┌──

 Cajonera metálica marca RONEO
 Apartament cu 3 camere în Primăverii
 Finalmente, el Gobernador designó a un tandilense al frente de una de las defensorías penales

└──

» **Your assignment**
Set down each line exactly as it appears in the data.

» **Answer for the task**
 Cajonera metálica marca RONEO
 Apartament cu 3 camere în Primăverii
 Finalmente, el Gobernador designó a un tandilense al frente de una de las defensorías penales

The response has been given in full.